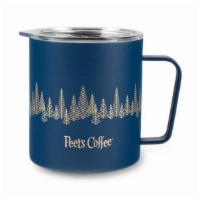 Gold Forest Miir Camp Cup 12 Oz · 50% OFF: Now $12.48, discount applies at check out.. Whether you’re snuggling up with a hot,...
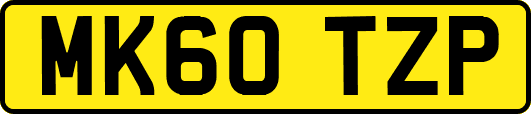 MK60TZP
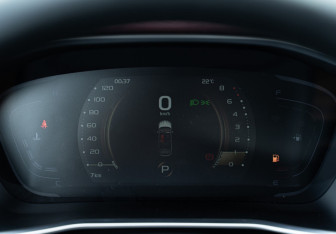 Новый Belgee X50 2025 (28 фото)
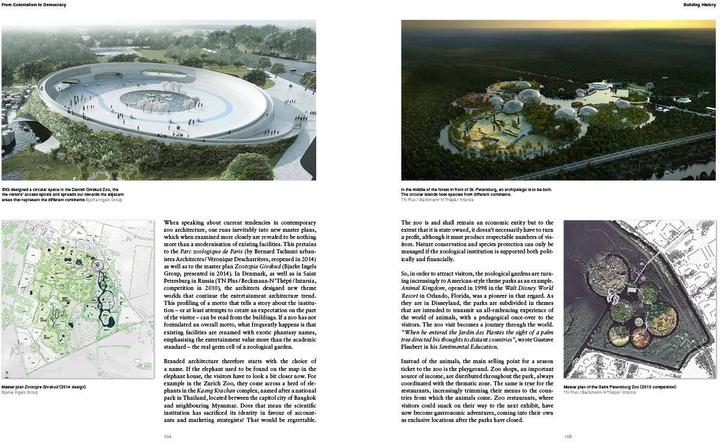 Immagine prodotto Natascha Meuser (Inglese, Natascha Meuser, 2019)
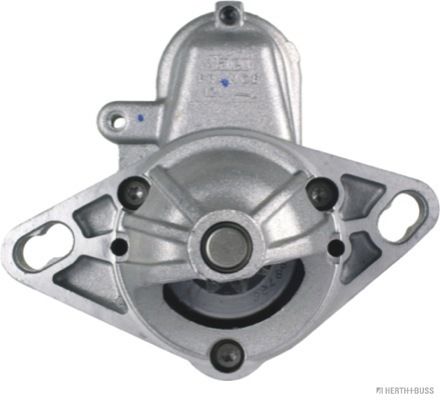 starter HERTH+BUSS JAKOPARTS J5214033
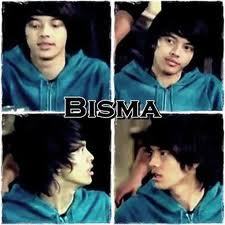 I am a student in sma negeri 1 lab deli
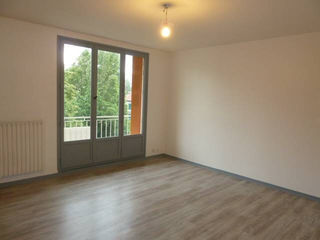  Appartement � louer 4 pi�ces 68 m�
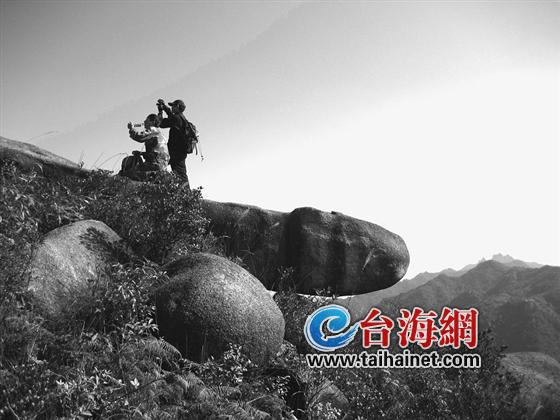 <em>生殖器</em>景点照被指不雅 回应:自然景观何来不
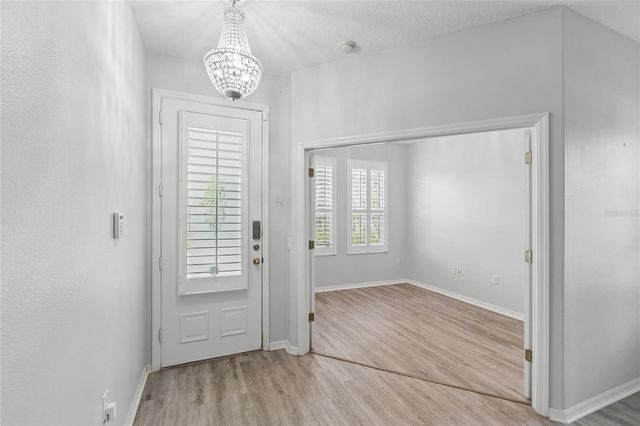 10207 PORCH STREET, New Port Richey, FL 34655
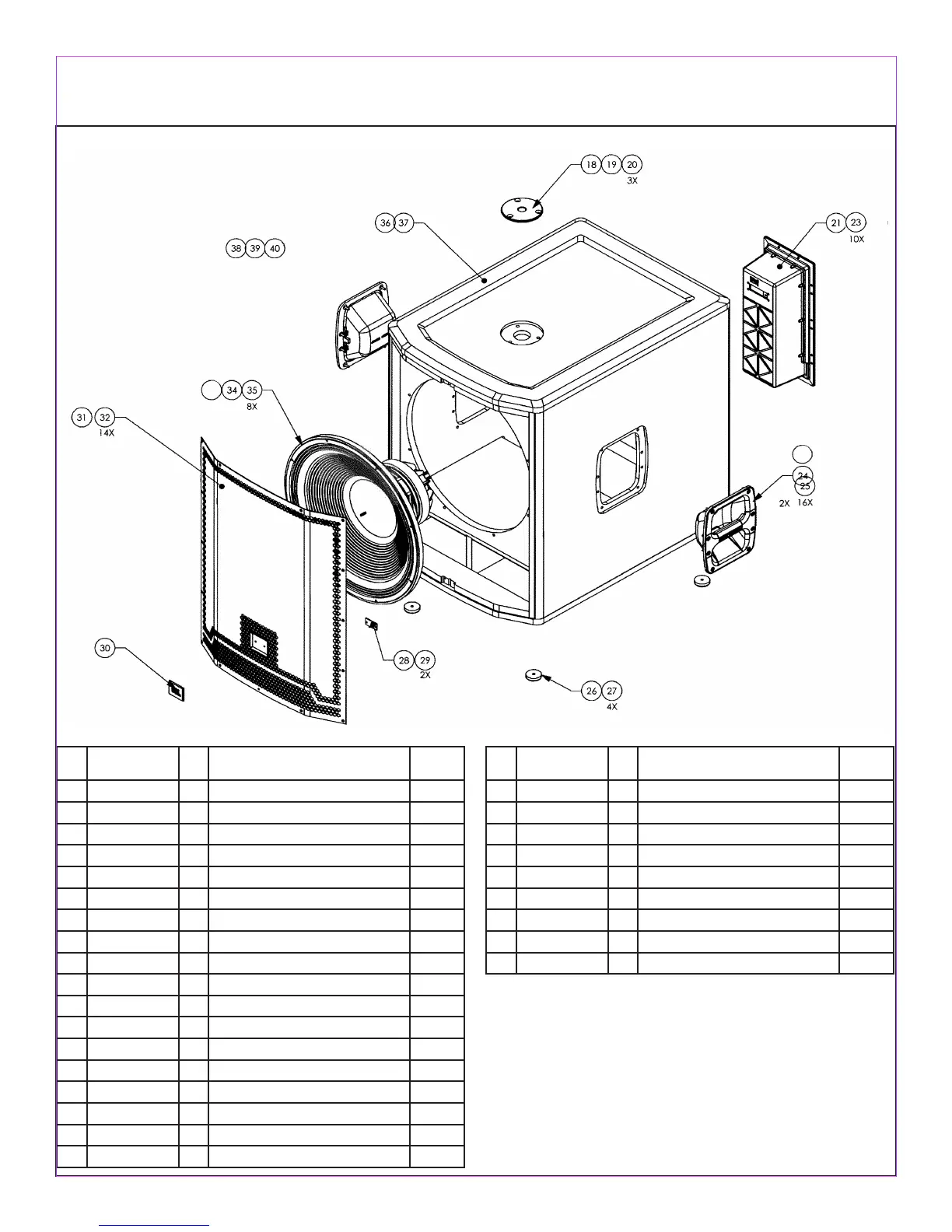 Page #2 background image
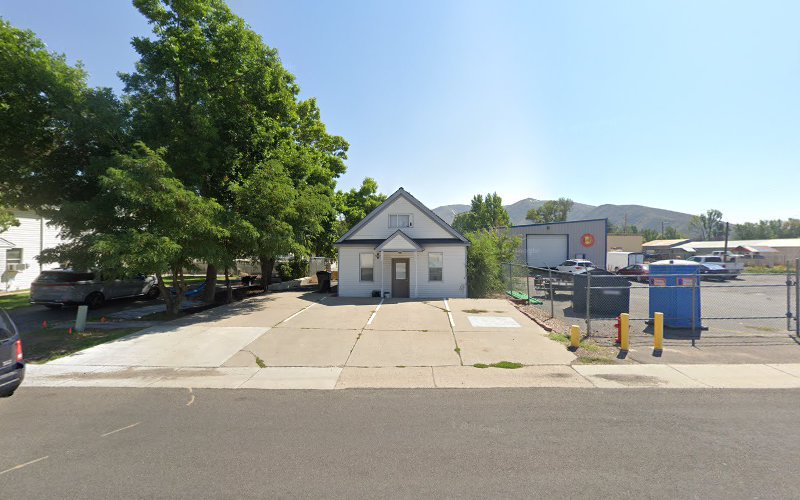 Wardell Brothers Construction, Inc.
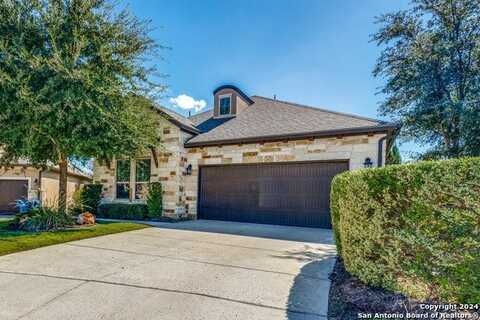 22903 Canasta, San Antonio, TX 78261
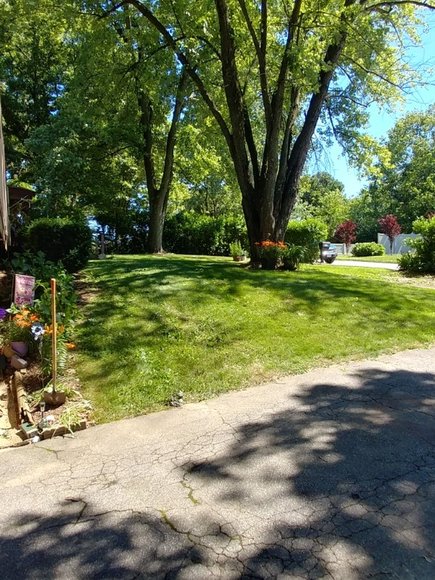 Image for Attention Investors & Builders:
PUBLIC AUCTION - NORTH HARFORD, MD.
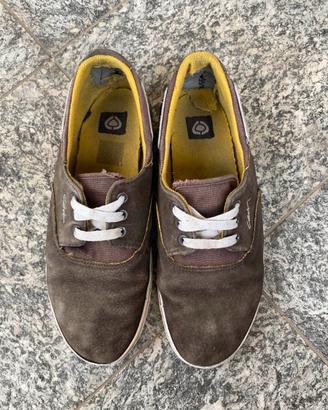 C1RCA Valeo Skateboard Sneakers 42.5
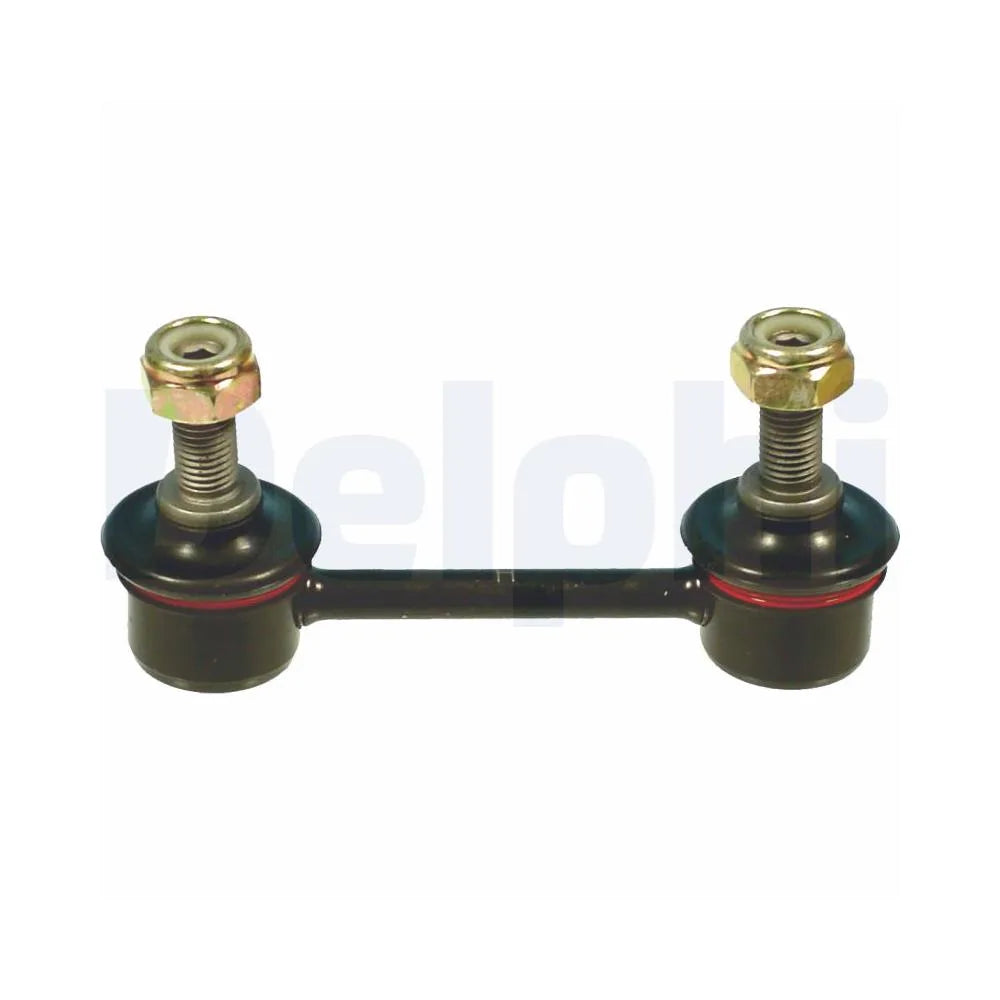 Biela Delphi pentru Ford Usa Probe, Mazda 626/Mx 6/Xedos 6 - TC1106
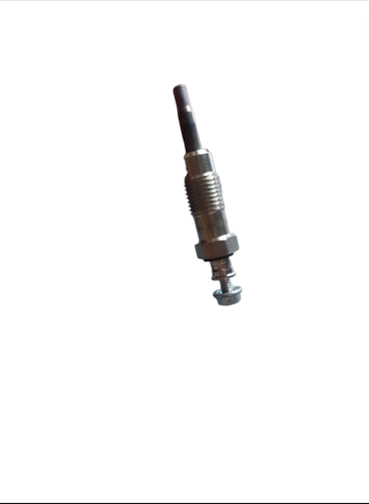 Свеча накаливания FEBI 15962 FORD (3085959230)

EXERCISE GOAL: An exact copy is needed of every line from the line containing "C1RCA Valeo Skateboard Sneakers 42.5" to the last line of the records; pictures stay out of it.

SOLUTION TO THE EXERCISE:
 C1RCA Valeo Skateboard Sneakers 42.5
 Biela Delphi pentru Ford Usa Probe, Mazda 626/Mx 6/Xedos 6 - TC1106
 Свеча накаливания FEBI 15962 FORD (3085959230)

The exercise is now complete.